= Watercolour World =

Arts charity & online world gazetteer

The Watercolour World is a UK-based charity founded in 2016 by Fred Hohler (founder of the Public Catalogue Foundation) to create an online gazetteer of the world pre-1900.

==Supporters==

The charity’s joint patrons are King Charles III and Queen Camilla. The official launch was held at the Royal Academy of Arts on 31 January 2019. The Watercolour World is supported financially by its co-founder, Javad Marandi through the Marandi Foundation.
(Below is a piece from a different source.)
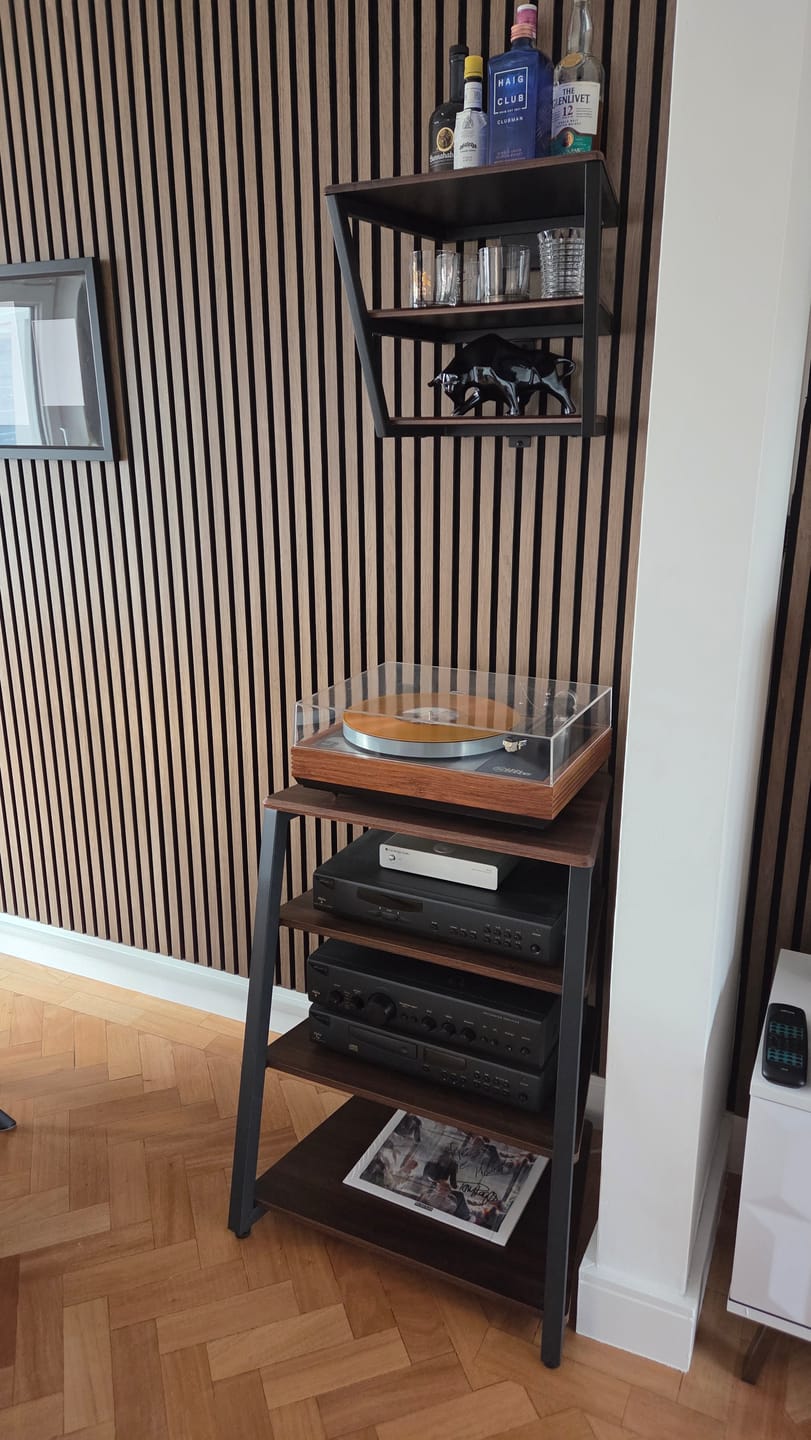 Customer photo review of Eiffel AS07 Audio Rack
Sir Charles Saumarez Smith is chairman of the trustees and Fred Hohler is executive director of the charity.

==Project==

The project catalogues and makes freely available watercolours of identifiable places and landscapes, primarily drawn between 1750 and 1900. Images are taken from private, governmental and military collections − the latter stemming from the fact that officers at the Royal Military Academy, Woolwich studied drawing and were taught how to survey landscapes by artists such as Paul Sandby. The Watercolour World is of use to historians and climate change scientists because it shows how the world looked prior to the age of photography. For example, the extent of the loss of Himalayan ice fields is obvious from images dating back to the 1840s. The charity collates material from around the globe: the Rijksmuseum, the Metropolitan Museum of Art and the Musée des Beaux-Arts d'Orléans have contributed images alongside the British Museum, the Royal Collection and Chatsworth.